Holy shit, this movie came out in 1999?! It feels like it’s a lot older than that. I remember seeing The Ninth Gate in theaters and thinking it was long as shit. It’s really only just a bit over two hours, but having no idea who Roman Polanski was or anything about his style of filmmaking, it felt like it lasted forever. All I knew was that I wanted to go see it because it was a scary movie and had something to do with Satan so I thought I was a cool ass dude for checking it out. I even remember that when it came out on VHS…WAIT, WE WERE STILL USING VHS BACK IN 1999?! BUT WHAT ABOUT Y2K?! Anyways, when it came out on VHS I watched it again, and I really only remembered three things that happened in it. I remember that Johnny Depp was looking for a book or something, I knew that someone flew around or something, and I knew that some people had sex in front of a flaming castle…or something. Since I’ve been doing research on trying to find more movies about Satan and The Ninth Gate has popped up a few times so I figured it was time to revisit it. So I did. And this is what I thought. No, seriously, this is a review…of the movie…I’ve been talking about.
And would you believe the working title of the movie was “Johnny Depp: Bookhunter”?
As the procurer of rare books, Dean Corso (Johnny Depp) is given an offer too good to refuse. A 300 year old book that is supposedly able to summon Satan is purchased by Boris Balkan (Frank Langella), but Boris makes it clear that summoning Satan was unsuccessful. Boris explains that there are two other copies of this book, both in Europe, and sends Dean to Europe to validate their authenticity. The first book he finds looks to be almost in the exact same condition, except a few differences in the illustrations. Each book has nine illustrations in it, and each copy of the book has a slight difference in three drawings, and each of the different drawings is signed with LCF….LIKE LUCIFER, BRO. That’s right, Lucifer is a sick-ass artist. Dean tracks down each different copy of the book, yet tragedy strikes each book owner after Dean confirms what the differences are. Dean also notices that a mysterious woman seems to be following him, played by Emmanuelle Seigner, who he just takes as someone who Boris has sent to keep tabs on him.

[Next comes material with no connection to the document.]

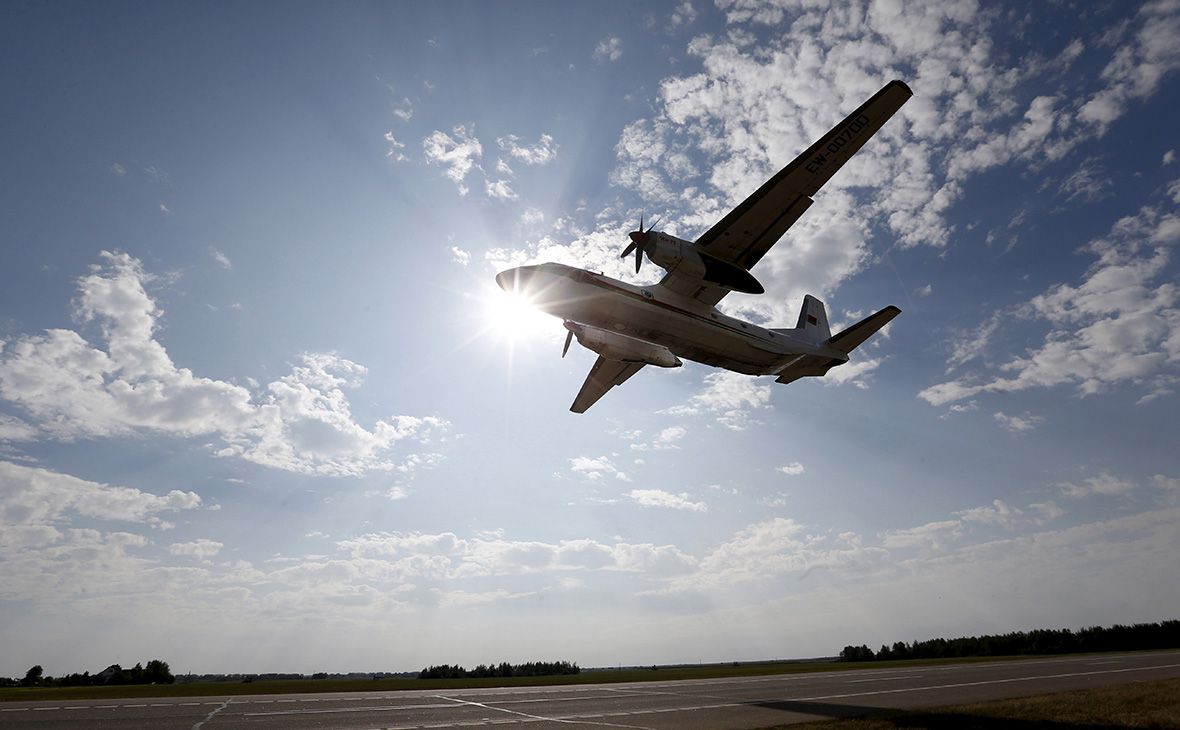 シリアのフメイニム空港でロシアの一般旅客機アントノフ26型が着陸直前に墜落 乗客26人乗員 6人全員絶望 ままくんカフェ 楽天ブログ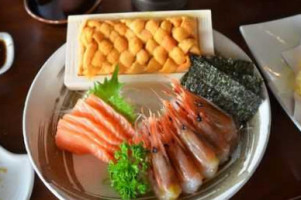 Sushi Tei food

Tracing the origins of the books and tracking down the differences in the illustrations leads Dean to multiple mysterious, crazy, and sometimes violent characters. Despite being able to track down all the illustrations, there are still plenty of questions left unanswered, and it’s really up to the viewer to decide what they have just seen.
There are times where it’s possible Emmanuelle Seigner’s character is someone hired by Boris, a demon, or just a weirdo freak who loves having sex in front of burning castles. MAYBE SHE’S ALL OF THE ABOVE!?
Before going any further, I just wanted to clarify that I did find The Ninth Gate to be enjoyable. Kind of amazing that with the subtleties and pacing skills of someone like Roman Polanski that the idea of book hunting can seem dangerous, exciting, and mysterious. Johnny Depp played his character as a little more balanced and little less eccentric than basically every character he’s played in the past 10 years, so that was also a refreshing thing to see. JOHNNY DEPP CAN ACT LIKE A NORMAL ASS DUDE, EVERYBODY. WOULD YOU BELIEVE IT?! Despite the creepy premise and the pacing of the movie being a success, there are still some things that just didn’t sit right with me. Even though the tone of most of the film was that of mystery and suspense, there are still a few moments that play as pretty comedic. Whether it be a cartoonish character harassing Depp’s character for being a vulture early on in the film, combined with some silly musical choices to go along with it, there are strange moments that feel almost wacky when juxtaposed with the tone of the rest of the film. Another thing was that if you spend an entire film tracking down something that will supposed be able to put you in touch with Satan, you kind of hope to get an answer, one way or another, on whether or not this “Ninth Gate” is in fact a reality. Even though the journey to get to the ending is relatively enjoyable, I think the ambiguity of what really happens at the end is a little underwhelming, but I can see how others might enjoy that ambiguity. Yes, Polanski takes you on a fantastically creepy journey, I just wish that I could more thoroughly enjoy the destination.